Yes, but #C0 etc might be required if you want to switch back later in the code. All banks work, including #C1, #C2 and #C3 etc. So it's possible to write code which runs in bank #C2 for example without splitting code or messing around with
org values. It's also useful to support all valid values so that you can use them in macros and loops for example (I did this to pre-load a wav file into 4Mb of RAM using
incbin with an offset, for example).
http://tj.gpa.free.fr/html/coding/cpc_ram.htm
it explains C1,C2 and C3 values also ;)
Quote from: Executioner on 22:17, 30 May 16
Yes, but #C0 etc might be required if you want to switch back later in the code. All banks work, including #C1, #C2 and #C3 etc. So it's possible to write code which runs in bank #C2 for example without splitting code or messing around with org values. It's also useful to support all valid values so that you can use them in macros and loops for example (I did this to pre-load a wav file into 4Mb of RAM using incbin with an offset, for example).
That's pretty awesome! :)
Quote from: TFM on 16:53, 31 May 16
That's pretty awesome! :)
In 4MB you can get a complete 8kHz mono song for digiblaster, up to about 9 minutes. I was wondering if interleaving IDE I/O with digiblaster writes may be possible, but on a real IDE implementation (ie.
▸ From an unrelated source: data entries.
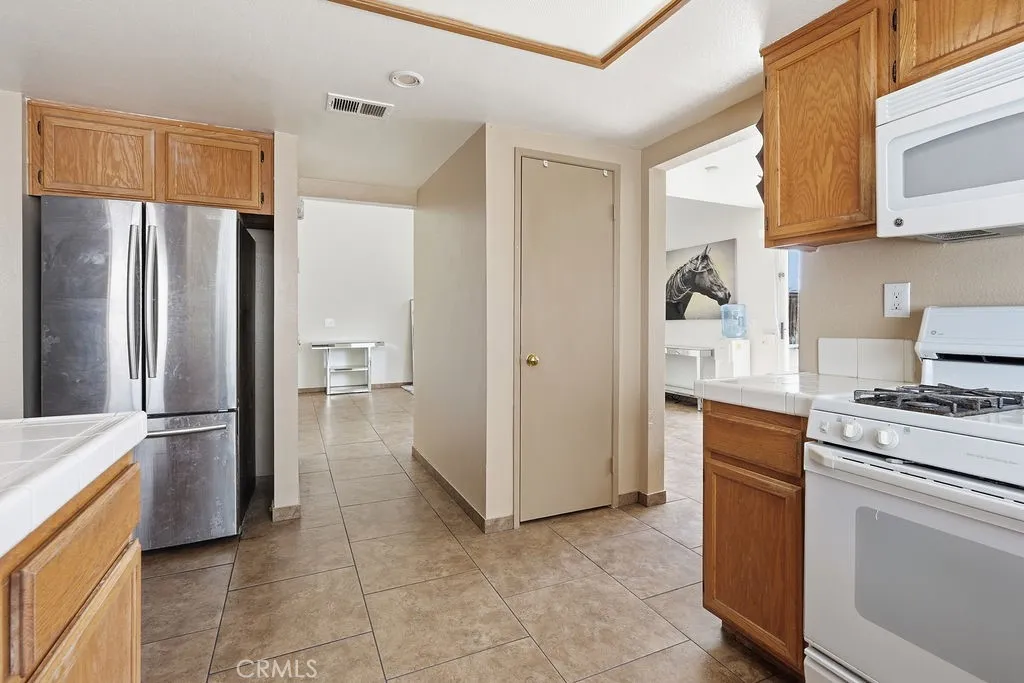 7960 Carlyle Drive, Jurupa Valley, California 92509 home-pic-16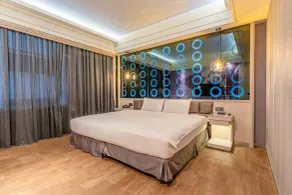 Guide Hotel Taichung Ziyou - Room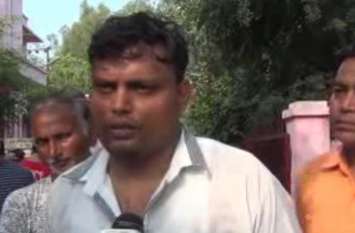 Nagar ayukta meerut PA son commits suicide 14 साल की बेटी और 11 का बेटा, कमरे में बंद हो गया पिता, खोलकर देखा तो इस हालत में मिला, देखें वीडियो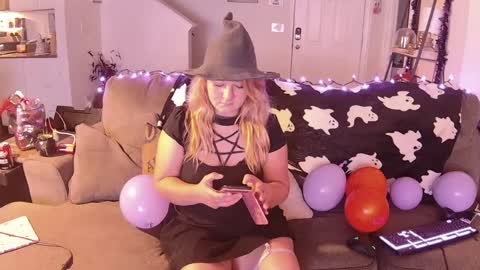 Dani And Daddy online show from October 12, 2025, 3:27 am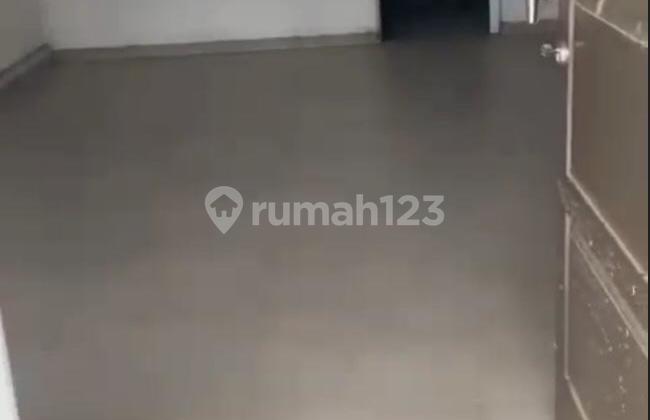 Rumah dua lantai Jln. Soekarno-Hatta Perum. Raffles Residence Cluster Mansion Rajabasa Bandarlampung 2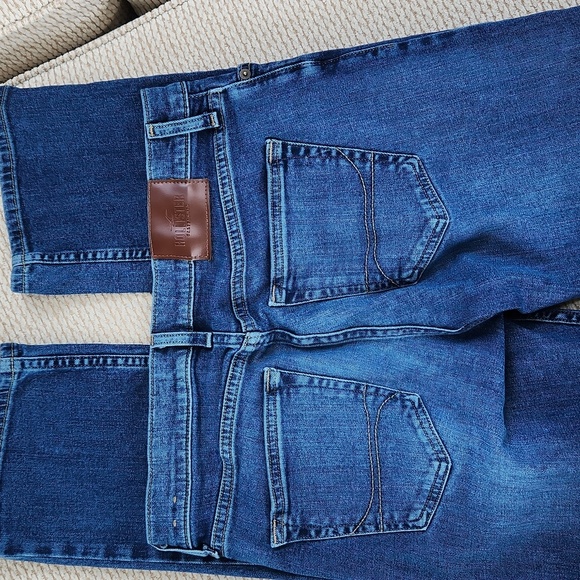 Hollister Men's Slim Fit Jeans in Deep Blue, 30x32, Classic Straight - Picture 6 of 6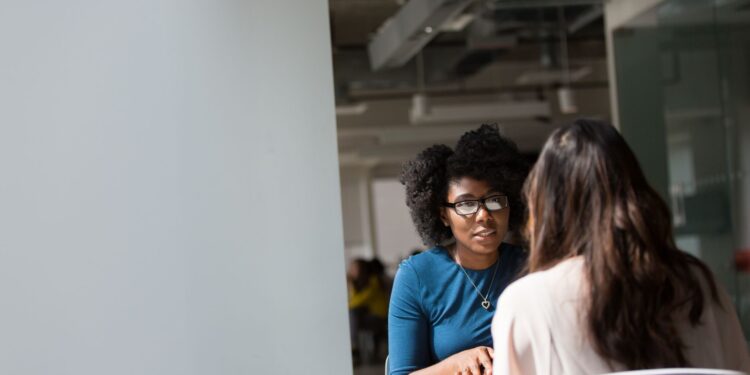 Reverse mentorship reshapes intergenerational knowledge flow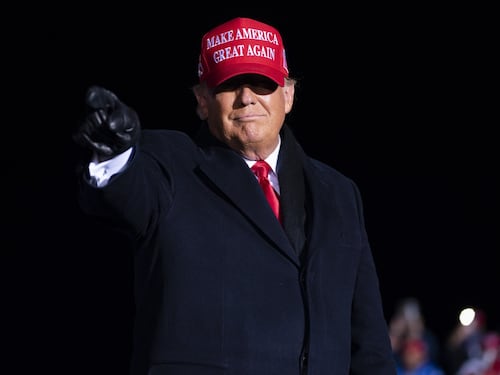 Trump ko ma irriducibile. Twitta ancora da leader: via il capo del Pentagono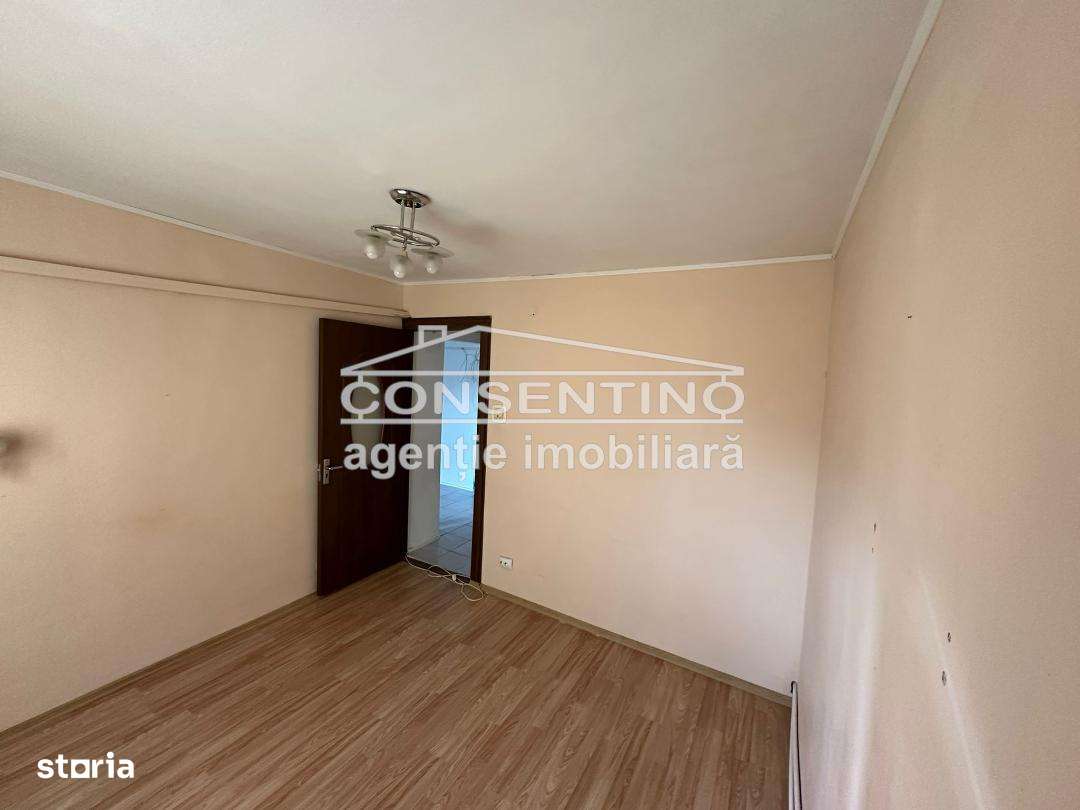 Se vinde imobil cu 2 camere in cart. Brosteni , liber, etaj 3-6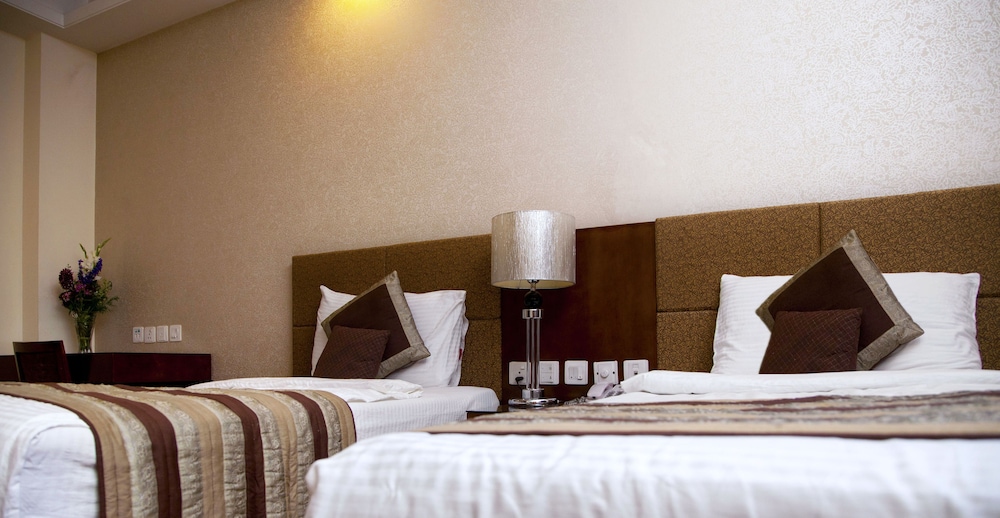 Executive Room - Photo 5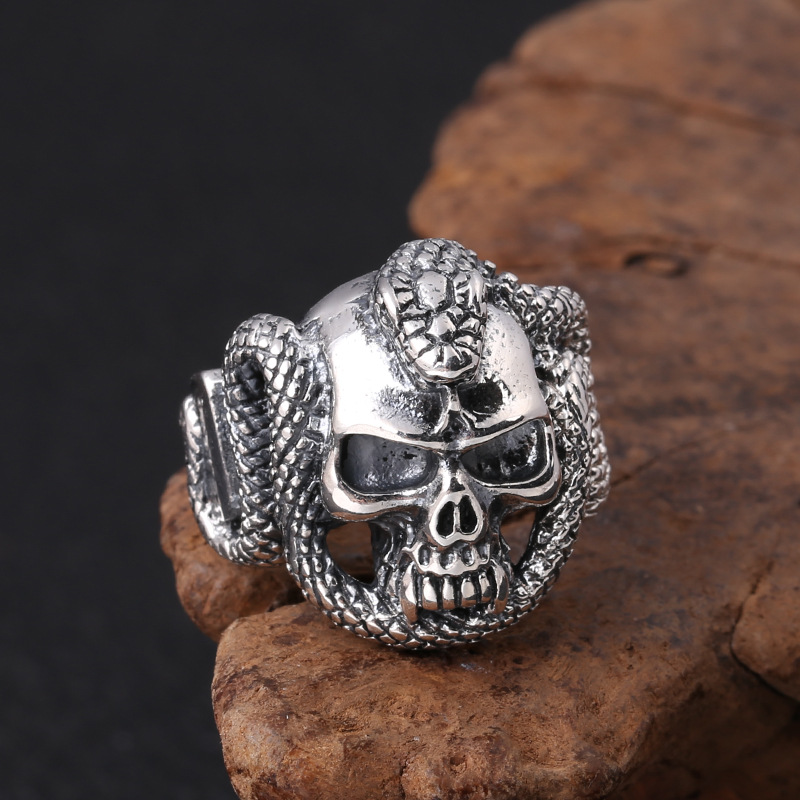 Skull Snake Ring Detail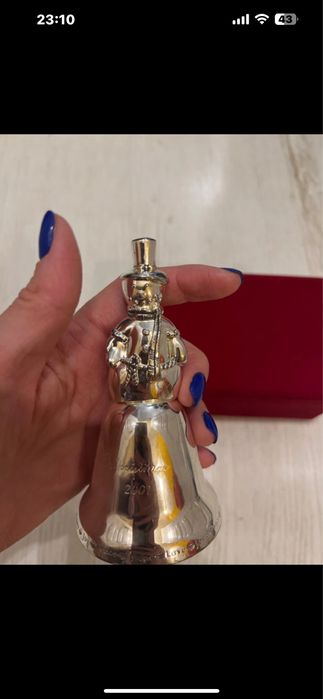 Decoratiune om de zapada suflata cu argint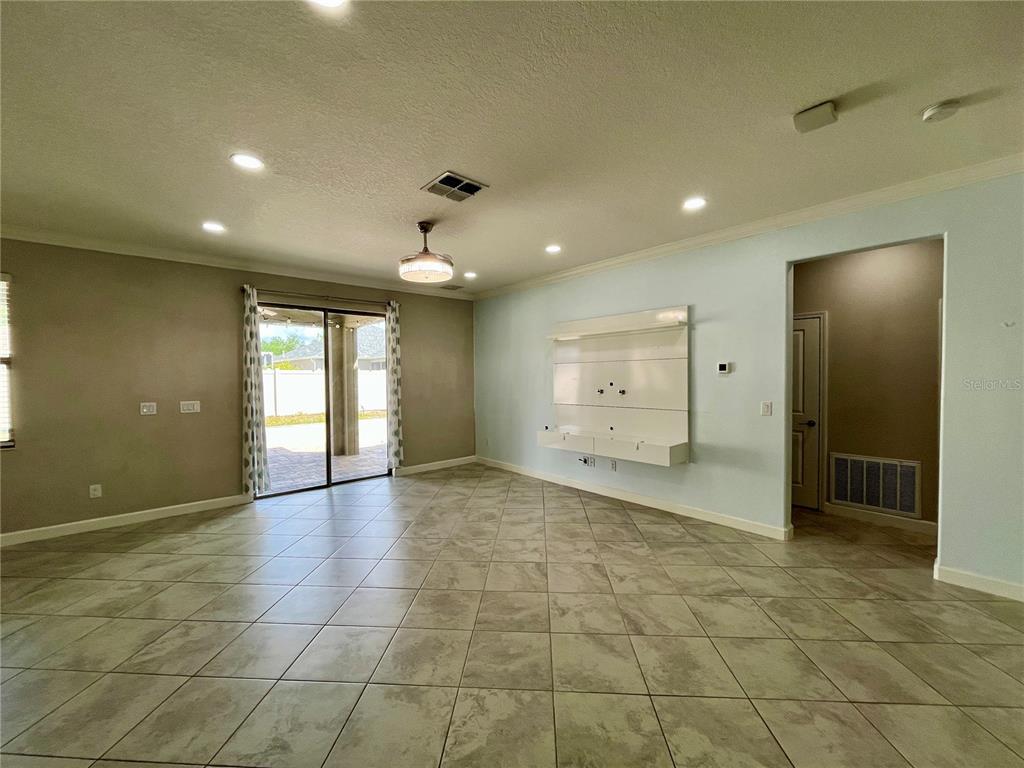 25149 Lambrusco Loop Lutz, FL 33559 - Photo 9 of 31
Symbiface, CPC-IDE, X-MASS) there would probably be delays between sector reads.
Quote from: Executioner on 23:04, 31 May 16
In 4MB you can get a complete 8kHz mono song for digiblaster, up to about 9 minutes. I was wondering if interleaving IDE I/O with digiblaster writes may be possible, but on a real IDE implementation (ie. Symbiface, CPC-IDE, X-MASS) there would probably be delays between sector reads.
On a real IDE (which should be so fast that the CPC will not need to wait) I would suggest somthing like this.
- Send command to read sector
- OUT a byte for digiblaster
- Read a byte from IDE
- Repeat two last commands for 512 time
- Go to start.
(I did this with Dobbertin HD20 and it already works well, since the device (as IDE) buffers a sector and you can read the bytes when ever you want. However in case of the HD20 the timing must be a bit more precise. But I can confirm it working).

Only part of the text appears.